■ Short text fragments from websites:
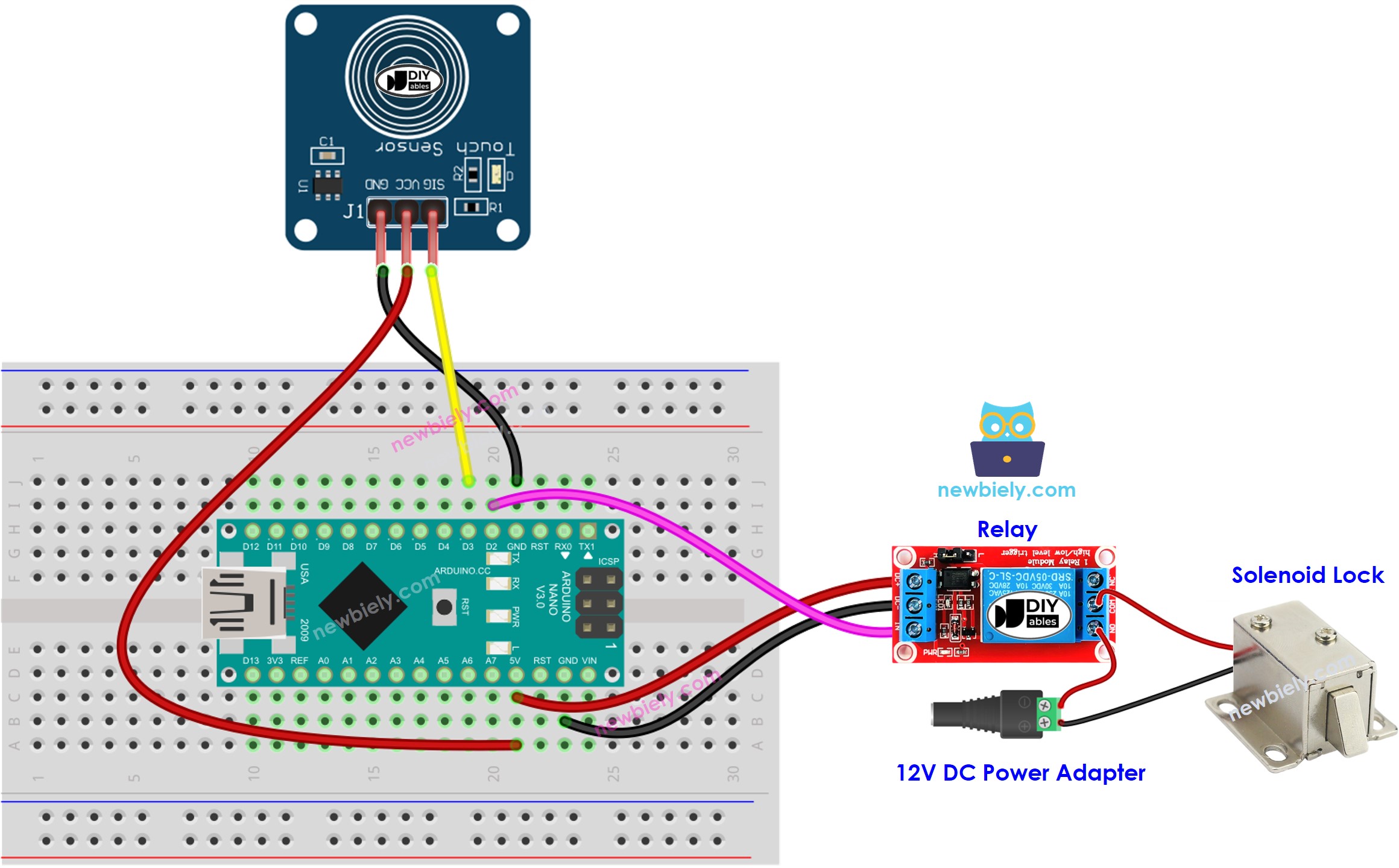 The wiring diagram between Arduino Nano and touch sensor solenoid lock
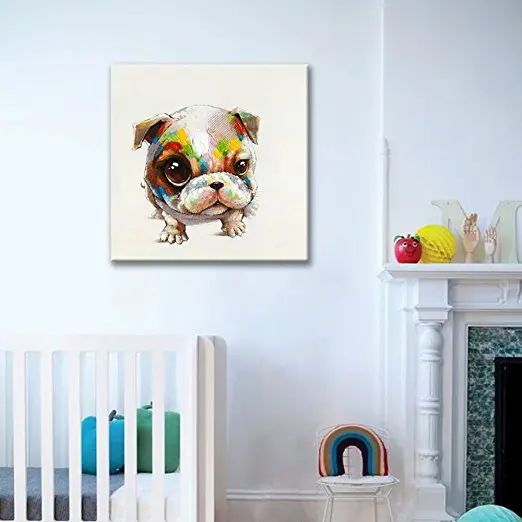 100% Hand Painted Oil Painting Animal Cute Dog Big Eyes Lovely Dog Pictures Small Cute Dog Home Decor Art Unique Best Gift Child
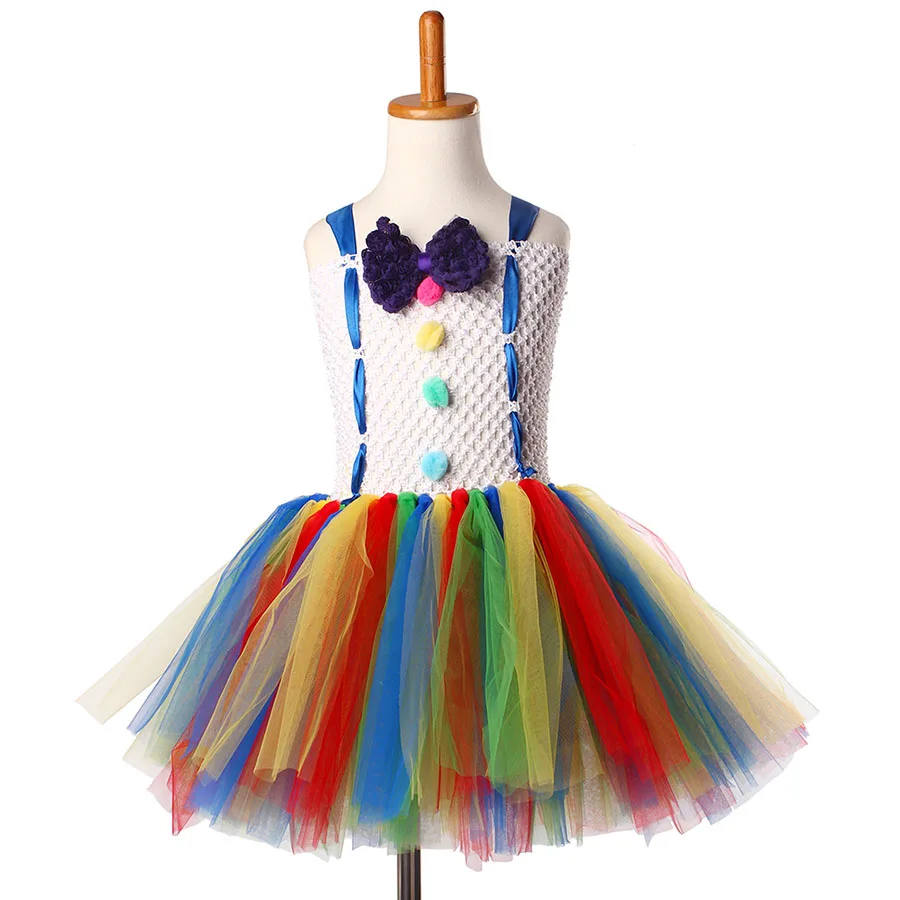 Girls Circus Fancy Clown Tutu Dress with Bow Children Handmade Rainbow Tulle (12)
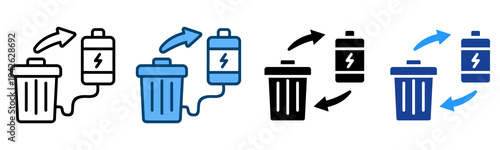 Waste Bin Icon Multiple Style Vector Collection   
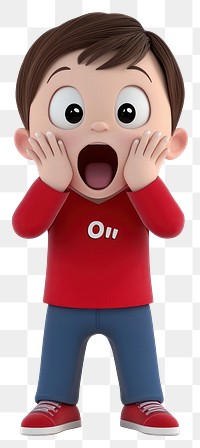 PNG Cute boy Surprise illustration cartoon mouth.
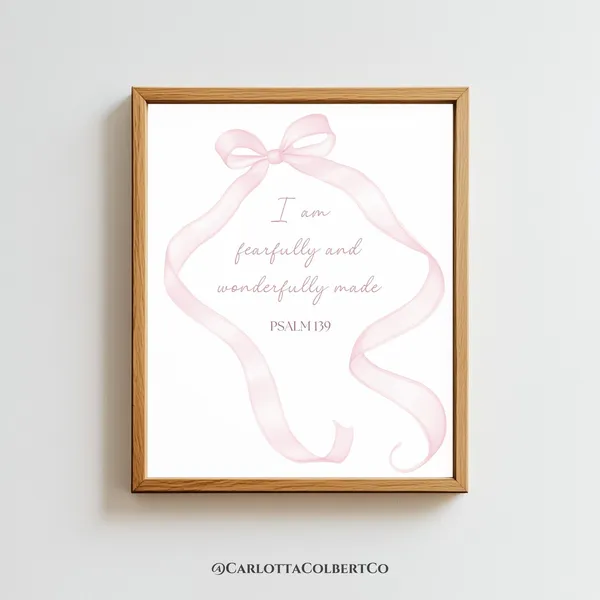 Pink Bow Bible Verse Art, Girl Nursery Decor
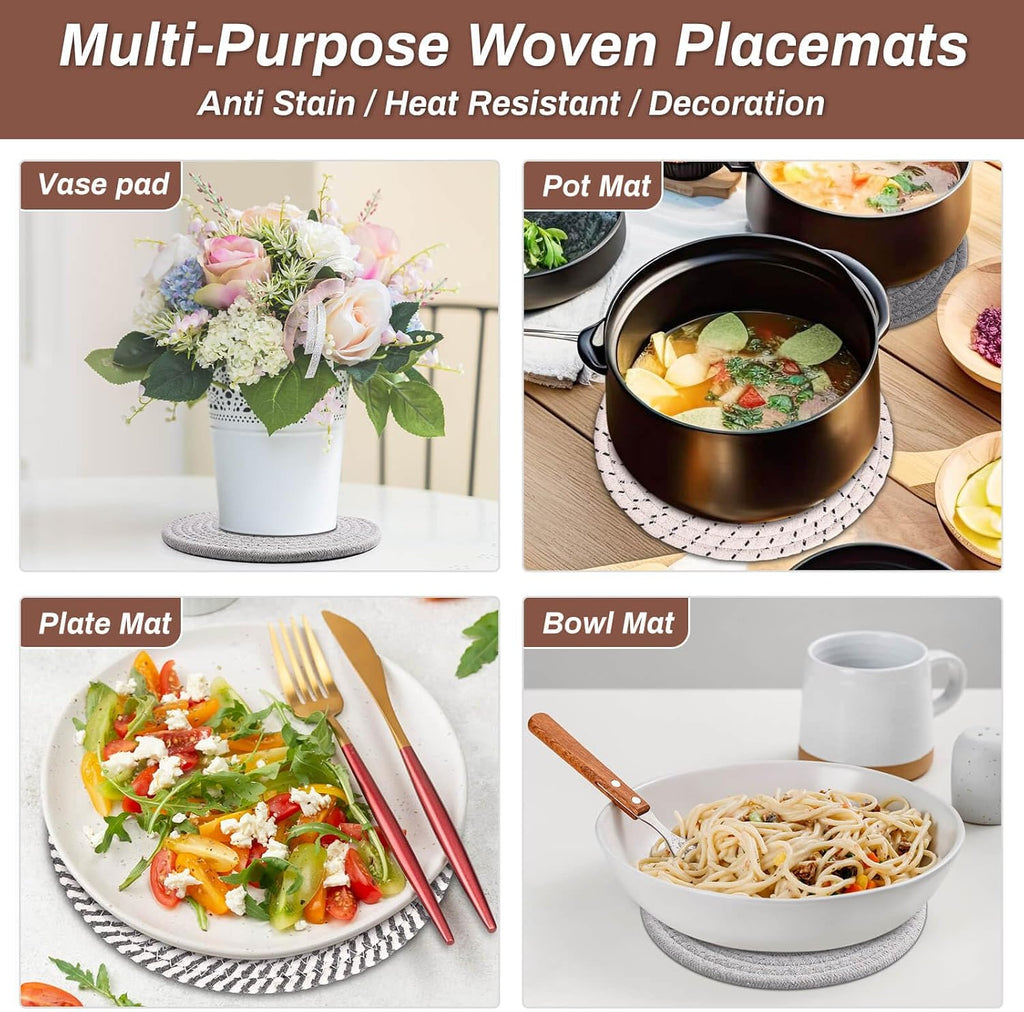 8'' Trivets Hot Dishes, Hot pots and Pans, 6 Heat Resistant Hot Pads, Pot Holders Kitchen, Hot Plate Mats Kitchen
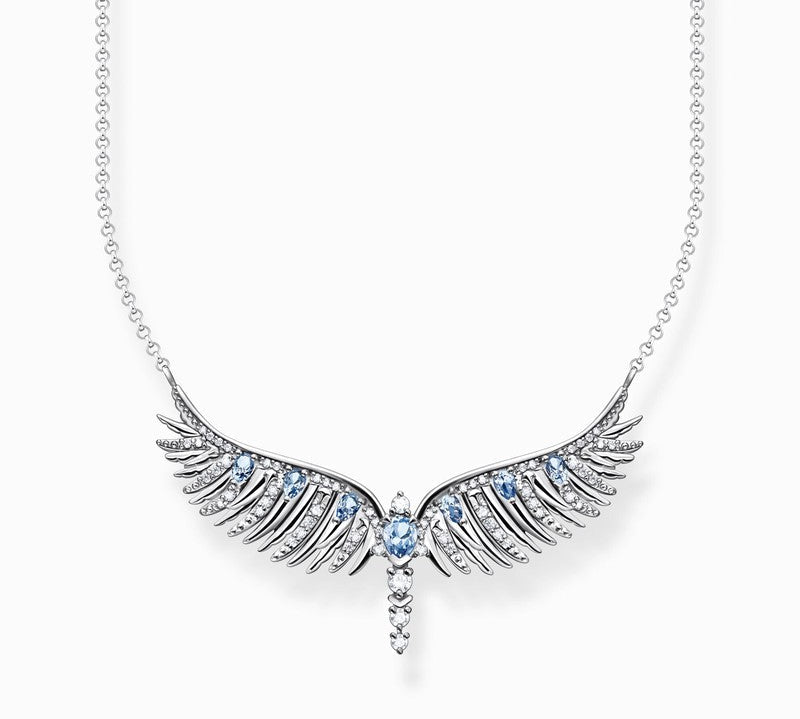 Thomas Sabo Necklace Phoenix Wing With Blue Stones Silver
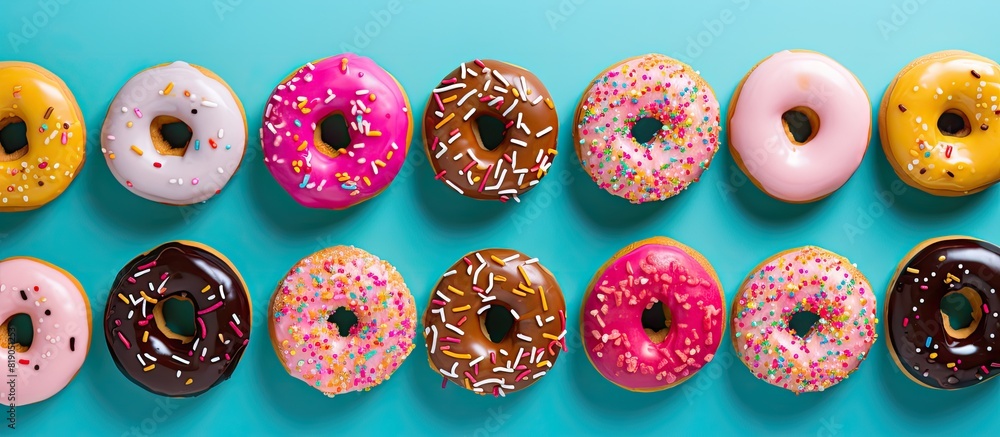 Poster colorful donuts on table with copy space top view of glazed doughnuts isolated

■ Exercise instructions:
Copy exactly, and only, the lines running from the one containing "Thomas Sabo Necklace" through the final line of the data, and omit the pictures.

■ Completed exercise:
 Thomas Sabo Necklace Phoenix Wing With Blue Stones Silver
 Poster colorful donuts on table with copy space top view of glazed doughnuts isolated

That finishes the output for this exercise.